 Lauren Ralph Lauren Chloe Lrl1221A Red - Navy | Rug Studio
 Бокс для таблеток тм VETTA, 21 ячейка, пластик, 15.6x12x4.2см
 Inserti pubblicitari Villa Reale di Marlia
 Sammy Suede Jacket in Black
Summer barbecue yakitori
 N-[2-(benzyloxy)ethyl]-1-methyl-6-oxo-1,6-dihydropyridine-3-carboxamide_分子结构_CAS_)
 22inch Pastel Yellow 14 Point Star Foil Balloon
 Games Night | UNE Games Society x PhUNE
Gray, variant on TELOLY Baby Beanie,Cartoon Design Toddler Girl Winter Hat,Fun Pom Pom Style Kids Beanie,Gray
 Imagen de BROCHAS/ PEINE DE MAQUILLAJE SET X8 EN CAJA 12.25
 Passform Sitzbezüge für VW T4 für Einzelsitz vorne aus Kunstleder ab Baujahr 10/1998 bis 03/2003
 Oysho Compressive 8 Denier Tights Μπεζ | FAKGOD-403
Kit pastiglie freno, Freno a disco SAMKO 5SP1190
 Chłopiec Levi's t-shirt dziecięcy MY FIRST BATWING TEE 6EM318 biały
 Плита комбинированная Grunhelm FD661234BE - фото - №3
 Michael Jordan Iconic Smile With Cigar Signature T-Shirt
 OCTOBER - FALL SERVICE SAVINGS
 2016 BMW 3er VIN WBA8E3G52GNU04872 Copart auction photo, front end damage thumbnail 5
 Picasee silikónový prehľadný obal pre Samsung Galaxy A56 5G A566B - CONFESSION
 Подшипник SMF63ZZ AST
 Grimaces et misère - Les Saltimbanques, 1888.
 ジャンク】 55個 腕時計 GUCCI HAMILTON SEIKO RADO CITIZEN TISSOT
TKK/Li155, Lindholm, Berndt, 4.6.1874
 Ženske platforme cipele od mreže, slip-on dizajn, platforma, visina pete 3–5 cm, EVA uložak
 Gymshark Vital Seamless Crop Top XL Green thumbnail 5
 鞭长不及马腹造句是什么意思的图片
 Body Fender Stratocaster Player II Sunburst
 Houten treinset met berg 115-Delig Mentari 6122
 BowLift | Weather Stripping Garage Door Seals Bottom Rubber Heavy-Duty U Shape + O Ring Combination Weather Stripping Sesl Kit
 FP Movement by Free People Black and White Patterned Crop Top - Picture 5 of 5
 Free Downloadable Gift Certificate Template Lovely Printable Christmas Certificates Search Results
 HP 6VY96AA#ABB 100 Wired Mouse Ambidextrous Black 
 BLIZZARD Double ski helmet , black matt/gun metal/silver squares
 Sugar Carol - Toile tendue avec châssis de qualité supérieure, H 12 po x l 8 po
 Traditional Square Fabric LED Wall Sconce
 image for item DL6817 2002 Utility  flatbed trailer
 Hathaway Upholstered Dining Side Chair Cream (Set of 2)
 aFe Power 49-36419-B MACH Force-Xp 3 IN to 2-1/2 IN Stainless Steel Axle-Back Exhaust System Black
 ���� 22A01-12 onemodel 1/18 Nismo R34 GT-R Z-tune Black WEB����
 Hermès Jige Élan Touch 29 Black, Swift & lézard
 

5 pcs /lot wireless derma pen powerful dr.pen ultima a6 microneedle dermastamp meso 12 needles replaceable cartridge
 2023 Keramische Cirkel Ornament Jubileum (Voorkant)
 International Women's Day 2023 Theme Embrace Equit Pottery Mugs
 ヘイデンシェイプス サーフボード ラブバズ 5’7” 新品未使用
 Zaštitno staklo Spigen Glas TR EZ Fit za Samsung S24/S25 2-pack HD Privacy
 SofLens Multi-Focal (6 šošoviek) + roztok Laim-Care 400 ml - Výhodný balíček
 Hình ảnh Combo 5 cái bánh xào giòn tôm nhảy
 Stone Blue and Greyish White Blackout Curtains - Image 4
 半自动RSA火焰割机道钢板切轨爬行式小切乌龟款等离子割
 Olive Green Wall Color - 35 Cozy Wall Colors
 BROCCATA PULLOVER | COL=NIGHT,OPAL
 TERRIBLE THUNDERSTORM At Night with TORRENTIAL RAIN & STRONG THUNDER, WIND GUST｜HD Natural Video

**Exercise description**:
Beginning from the line that contains "Hermès Jige Élan", give each line again exactly, through the final line of the records.

**Answer to this task**:
 Hermès Jige Élan Touch 29 Black, Swift & lézard
 

5 pcs /lot wireless derma pen powerful dr.pen ultima a6 microneedle dermastamp meso 12 needles replaceable cartridge
 2023 Keramische Cirkel Ornament Jubileum (Voorkant)
 International Women's Day 2023 Theme Embrace Equit Pottery Mugs
 ヘイデンシェイプス サーフボード ラブバズ 5’7” 新品未使用
 Zaštitno staklo Spigen Glas TR EZ Fit za Samsung S24/S25 2-pack HD Privacy
 SofLens Multi-Focal (6 šošoviek) + roztok Laim-Care 400 ml - Výhodný balíček
 Hình ảnh Combo 5 cái bánh xào giòn tôm nhảy
 Stone Blue and Greyish White Blackout Curtains - Image 4
 半自动RSA火焰割机道钢板切轨爬行式小切乌龟款等离子割
 Olive Green Wall Color - 35 Cozy Wall Colors
 BROCCATA PULLOVER | COL=NIGHT,OPAL
 TERRIBLE THUNDERSTORM At Night with TORRENTIAL RAIN & STRONG THUNDER, WIND GUST｜HD Natural Video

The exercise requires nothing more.